新薬の創出には膨大なコストと時間がかかり成功確率も極めて低いと指摘されて久しい。一方では、経口C型肝炎治療薬やがんの免疫チェックポイント阻害剤などの画期的新薬の登場により一部の疾患ではこれまでの治療概念が覆されつつあるのがこの数年である。こうした画期的新薬登場の背景にも、病態・病因の分子レベルでの理解と新規標的の発見、そして的確に標的をヒットする化合物や抗体の創出と最適化、これらのいずれのステップにおいても相応の技術と時間を要したことは忘れてはならない。

 殊に近年の進行再発がん治療の進展には目を見張るものがあり、今年も新たな成果が次々と報告されると期待される。ドライバー遺伝子変異を標的とした分子標的治療薬は第二、第三世代へと進化し、特定の患者群では大幅な無増悪生存期間の延長が実現しつつある。加えて免疫チェックポイント阻害剤で実証されつつある長期生存例の出現は、がんに対抗するT細胞免疫がいかに強力であるかを物語っており、新たなチェックポイント阻害剤の開発も期待される。また、二重特異性抗体などを用いた通常のT細胞受容体を介さないT細胞の動員・活性化にも期待がかかっている。
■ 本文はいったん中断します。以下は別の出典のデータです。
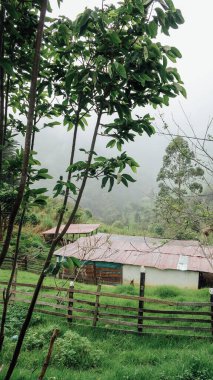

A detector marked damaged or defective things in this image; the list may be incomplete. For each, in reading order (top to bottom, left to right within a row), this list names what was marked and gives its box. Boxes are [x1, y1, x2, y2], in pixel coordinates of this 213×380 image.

rusty corrugated roof [53, 232, 213, 274]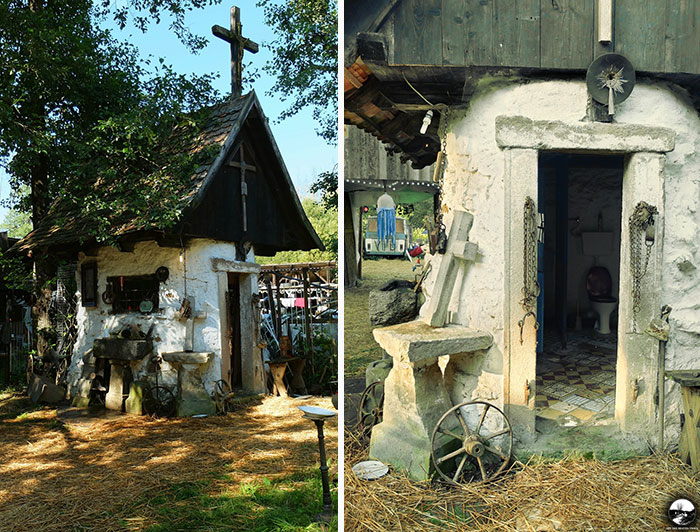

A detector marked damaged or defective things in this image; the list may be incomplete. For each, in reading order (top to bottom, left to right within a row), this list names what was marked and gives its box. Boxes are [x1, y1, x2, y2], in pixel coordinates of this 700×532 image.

rusty wagon wheel [358, 382, 386, 440]
rusty wagon wheel [430, 402, 512, 484]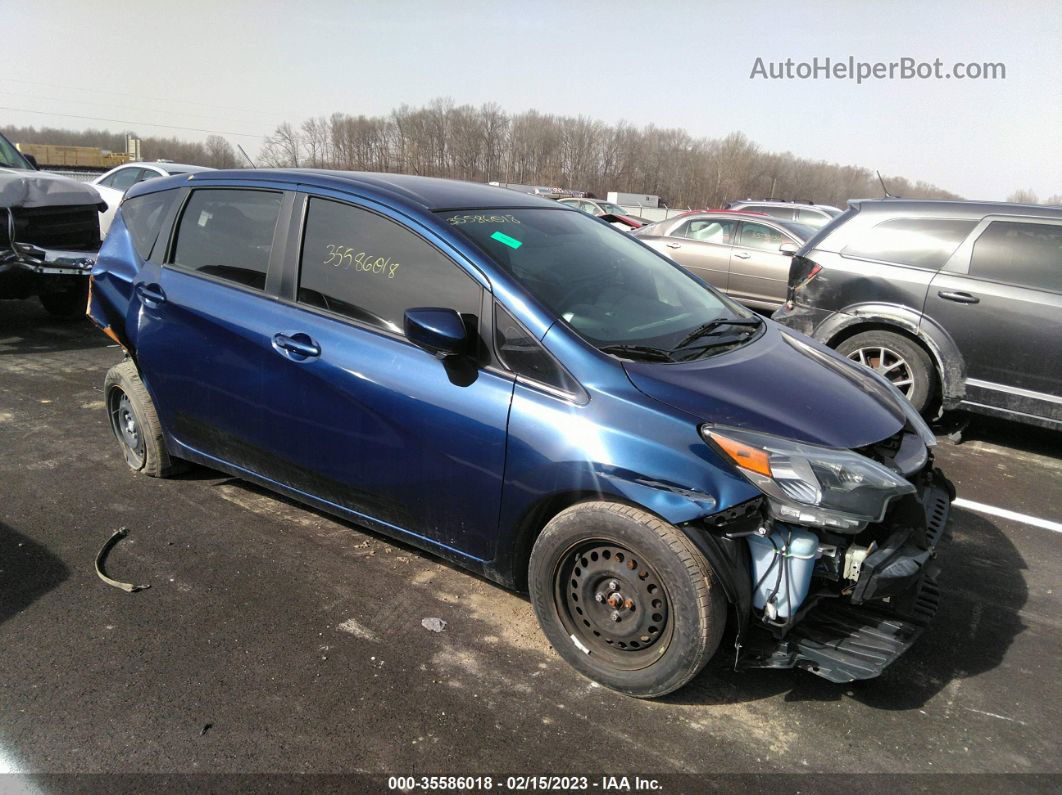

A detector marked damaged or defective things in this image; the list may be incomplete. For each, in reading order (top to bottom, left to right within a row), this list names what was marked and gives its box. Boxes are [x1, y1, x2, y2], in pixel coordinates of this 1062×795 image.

damaged front end [696, 416, 955, 683]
 多種にわたるドライバー遺伝子変異の一括解析、腫瘍の微小環境やがん細胞が持つ免疫原性の総合的分析、それらのいずれの局面においても近い将来、がん組織の網羅的遺伝子(変異)プロファイリングが最適な個別化医療実現のためには必須な解析手法になると予想する。
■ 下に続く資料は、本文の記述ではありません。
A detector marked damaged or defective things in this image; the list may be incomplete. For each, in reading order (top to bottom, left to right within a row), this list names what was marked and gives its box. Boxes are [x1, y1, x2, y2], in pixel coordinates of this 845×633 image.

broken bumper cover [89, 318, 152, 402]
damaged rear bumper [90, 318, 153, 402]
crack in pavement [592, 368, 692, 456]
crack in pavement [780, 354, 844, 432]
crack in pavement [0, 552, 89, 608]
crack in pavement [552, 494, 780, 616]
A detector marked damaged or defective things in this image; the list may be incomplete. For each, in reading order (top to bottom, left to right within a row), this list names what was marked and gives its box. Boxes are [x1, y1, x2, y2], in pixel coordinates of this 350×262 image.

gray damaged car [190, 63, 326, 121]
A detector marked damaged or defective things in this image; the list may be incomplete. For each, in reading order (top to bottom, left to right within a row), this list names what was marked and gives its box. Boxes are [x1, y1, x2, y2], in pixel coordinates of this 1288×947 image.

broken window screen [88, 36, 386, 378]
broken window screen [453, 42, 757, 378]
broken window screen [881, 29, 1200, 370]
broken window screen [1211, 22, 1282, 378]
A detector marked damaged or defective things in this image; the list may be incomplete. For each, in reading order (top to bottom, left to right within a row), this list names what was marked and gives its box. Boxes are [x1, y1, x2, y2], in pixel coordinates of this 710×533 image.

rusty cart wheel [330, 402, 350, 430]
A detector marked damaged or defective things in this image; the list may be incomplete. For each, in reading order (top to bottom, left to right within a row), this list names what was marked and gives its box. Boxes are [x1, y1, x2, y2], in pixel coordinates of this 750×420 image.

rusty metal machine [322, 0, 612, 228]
 翻って創薬技術の視点で考えて見ると、低分子医薬、抗体医薬いずれにおいても大きな進展がみられる。特に抗体では通常のIgGが持つ中和活性や細胞障害活性に加え、抗体薬物複合体や二重特異性抗体などの新規機能を付与する改変技術の応用が進み、抗体医薬品の標的は大幅に拡大された。一方、細胞内の標的には抗体は届かず、細胞内に入って蛋白-蛋白相互作用、蛋白-核酸相互作用、あるいは核酸自身を標的と出来る中程度の分子サイズの薬物という新たな治療薬概念が、今後の新薬創出の一つの鍵となるであろう。